Canadian–American environmental communicator and comedian

Hazel Thayer is a Canadian–American environmental communicator, comedian, and digital media influencer based in Victoria, British Columbia. She advocates environmental and social causes on platforms such as Instagram, TikTok, and YouTube.

== Early life and education ==
Thayer was born in Los Angeles, California, the daughter of musician Donnette Thayer. She earned a bachelor's degree in Economics from the University of Alberta. She is a dual citizen of the United States and Canada.

== Career ==
Thayer began performing stand-up comedy in 2019 as a means to discuss climate change. She felt that traditional dry, scientific framing normally provided for these issues did not resonate with the general public, but humour did. She has produced two online series: The Climate Breakdown with The Weather Network and UnF*cking the Planet with Pique Action. Having studied economics, she places climate change in a socio-economic context and proposes efficient methods to effect change, eschewing doomscrolling and guilt-based messaging. Her videos criticize overconsumption, greenwashing, and fossil-fuel politics while emphasizing proactive steps that anyone can take.

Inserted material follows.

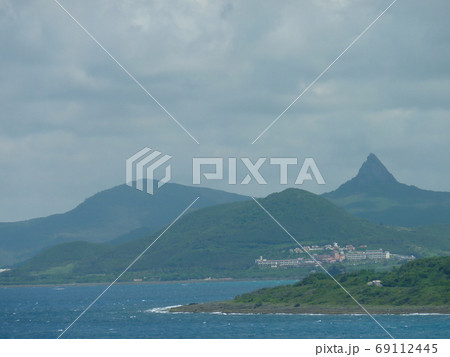 Beautiful landscape saw from Eluanbi at Kenting National Park Beautiful landscape saw from Eluanbi at Kenting National Park 69112445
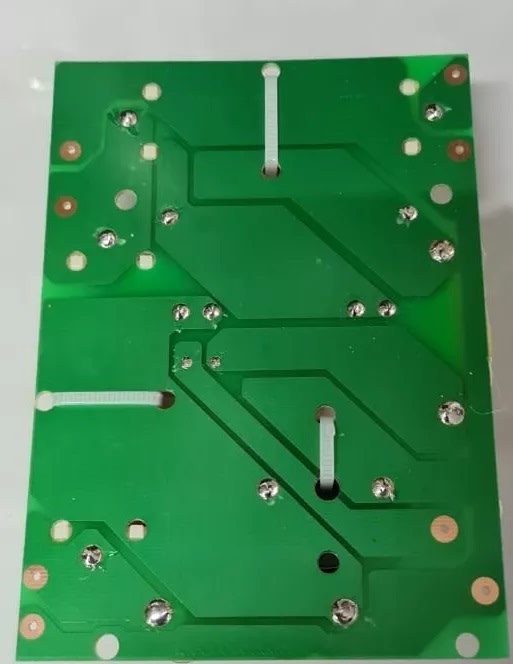 CROSSOVER 2 VIAS 600 WATTS MEKSE3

In interviews, Thayer described her views on the correlation between social equity and climate action: "Anything that kind of improves living standards and equality will wind up helping the climate as well."

== Public engagement and recognition ==
Thayer has spoken at political, youth, and environmental events, including the "Careers for Change: Climate Action" program hosted by the Reservoir: Center for Water Solutions in Washington, D.C., in February 2024 and was an invited participant at the 2024 Democratic National Convention. She was profiled in the Climate Creators to Watch list.

== Personal life ==
Thayer lives in Victoria, British Columbia, where she is involved in numerous political, community, environmental, and arts activities.